- **WHAT THE TASK ASKS**
Don't include pictures. Quote the lines below from the first through the line that contains "Davidson - NCAA".

- **DATASET CONTENT**
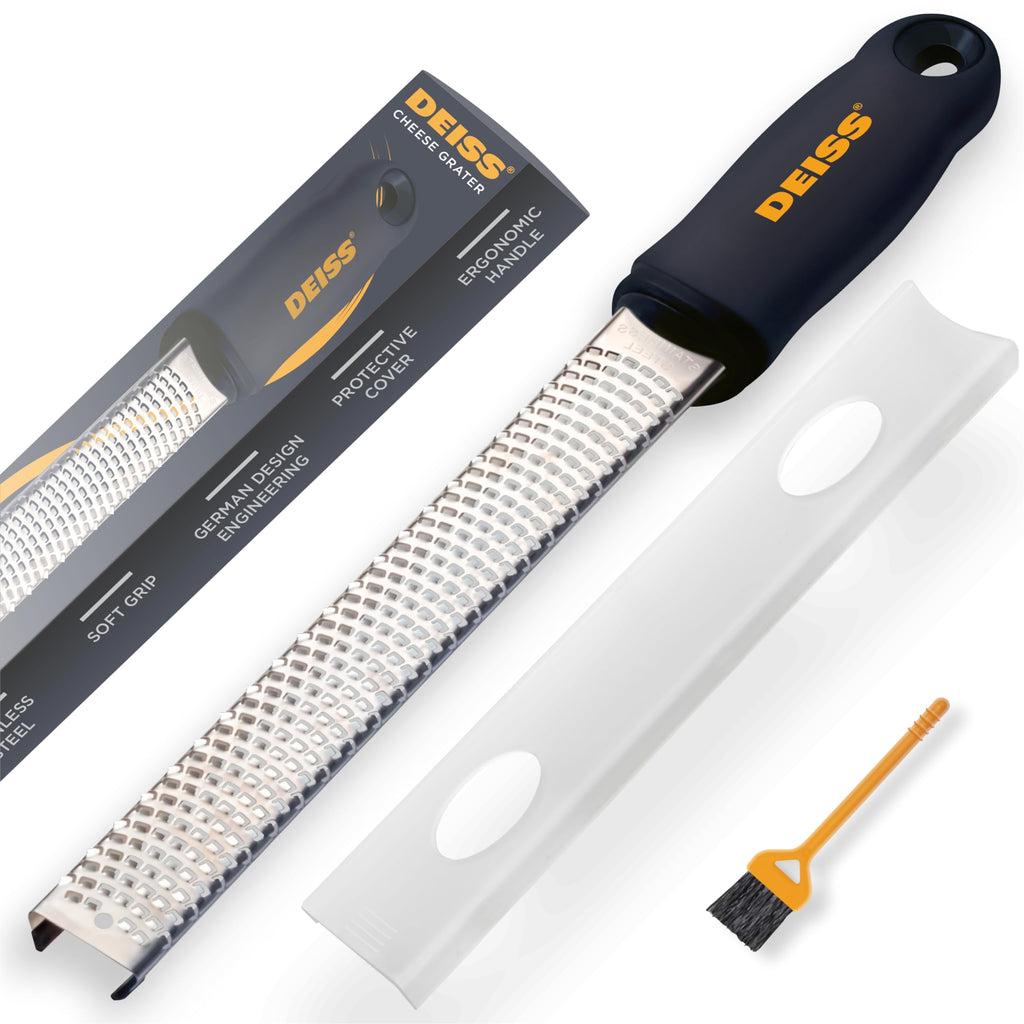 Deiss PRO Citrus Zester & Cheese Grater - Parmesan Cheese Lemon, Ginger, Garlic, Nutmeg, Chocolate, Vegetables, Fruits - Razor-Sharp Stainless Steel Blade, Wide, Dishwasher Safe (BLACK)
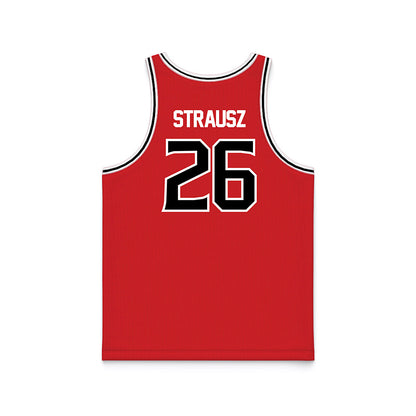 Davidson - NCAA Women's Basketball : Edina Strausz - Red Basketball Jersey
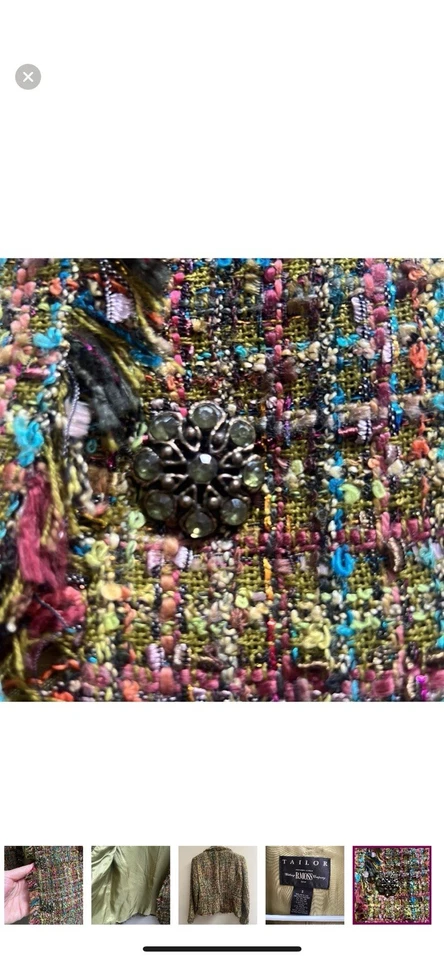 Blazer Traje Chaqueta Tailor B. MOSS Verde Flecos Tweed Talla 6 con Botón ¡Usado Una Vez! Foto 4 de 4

- **EXERCISE OUTPUT**
 Deiss PRO Citrus Zester & Cheese Grater - Parmesan Cheese Lemon, Ginger, Garlic, Nutmeg, Chocolate, Vegetables, Fruits - Razor-Sharp Stainless Steel Blade, Wide, Dishwasher Safe (BLACK)
 Davidson - NCAA Women's Basketball : Edina Strausz - Red Basketball Jersey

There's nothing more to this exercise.